**Exercise objective**:
Somewhere below, one line contains "Arena in Fayettevil­le." and a later line contains "В Астрахани устраняют". Output those two lines and everything between them exactly, and nothing else.

━━ Input material ━━

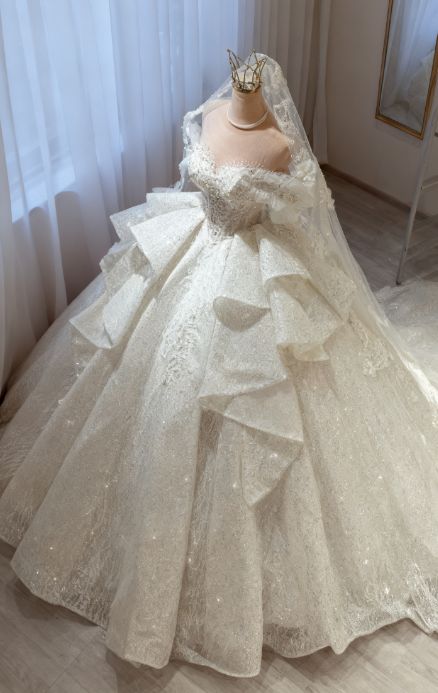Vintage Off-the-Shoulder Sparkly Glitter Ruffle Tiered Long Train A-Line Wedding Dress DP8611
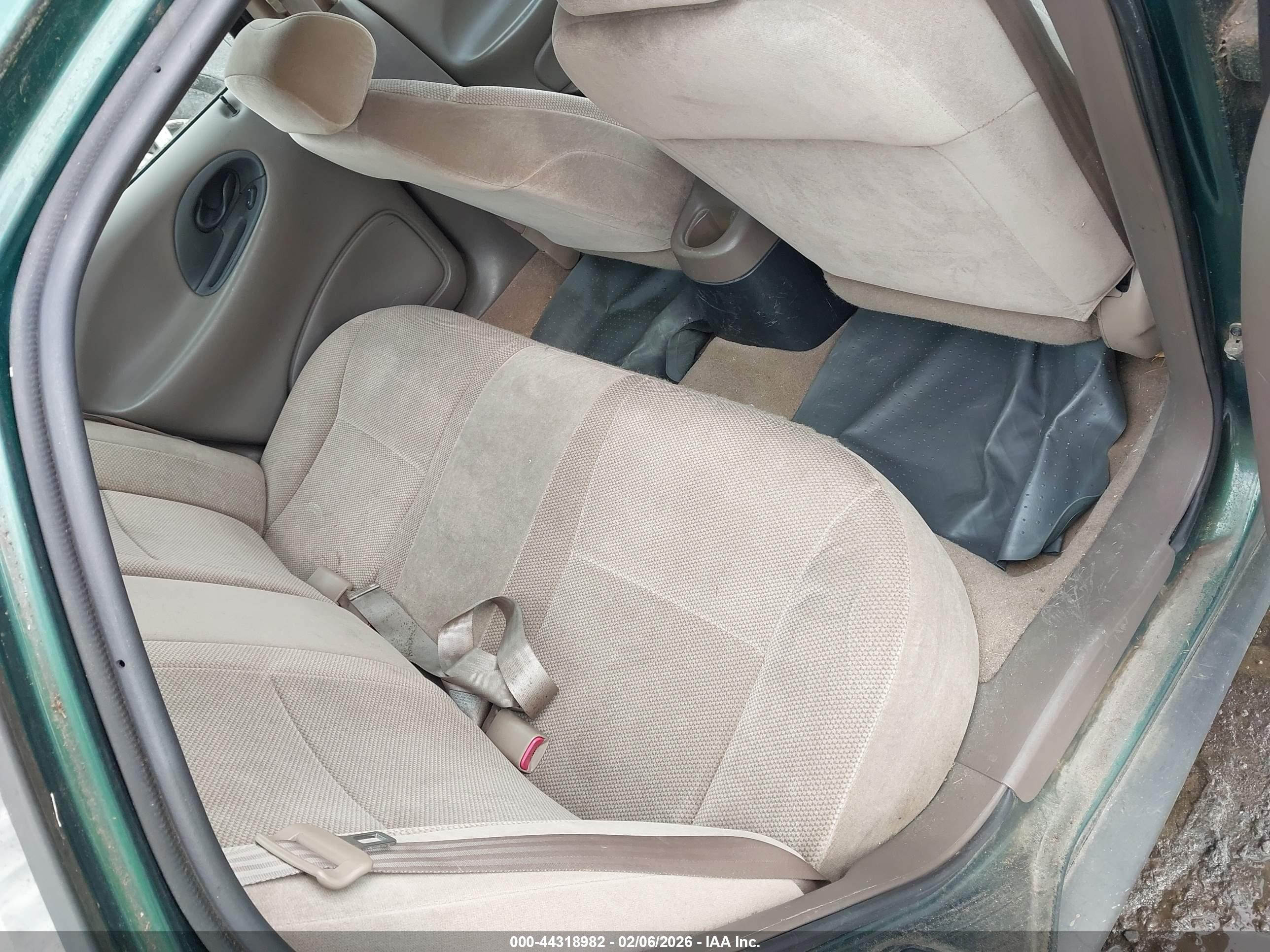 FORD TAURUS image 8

━━━
━━ Input material ━━

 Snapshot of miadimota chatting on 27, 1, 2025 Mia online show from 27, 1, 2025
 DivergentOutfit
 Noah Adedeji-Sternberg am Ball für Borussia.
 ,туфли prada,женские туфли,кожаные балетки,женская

━━━
━━ Input material ━━

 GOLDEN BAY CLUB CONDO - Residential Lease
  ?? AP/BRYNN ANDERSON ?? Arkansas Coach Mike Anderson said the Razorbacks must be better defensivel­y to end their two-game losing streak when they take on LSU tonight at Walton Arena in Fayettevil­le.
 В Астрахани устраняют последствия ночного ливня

━━━

**Answer**:
  ?? AP/BRYNN ANDERSON ?? Arkansas Coach Mike Anderson said the Razorbacks must be better defensivel­y to end their two-game losing streak when they take on LSU tonight at Walton Arena in Fayettevil­le.
 В Астрахани устраняют последствия ночного ливня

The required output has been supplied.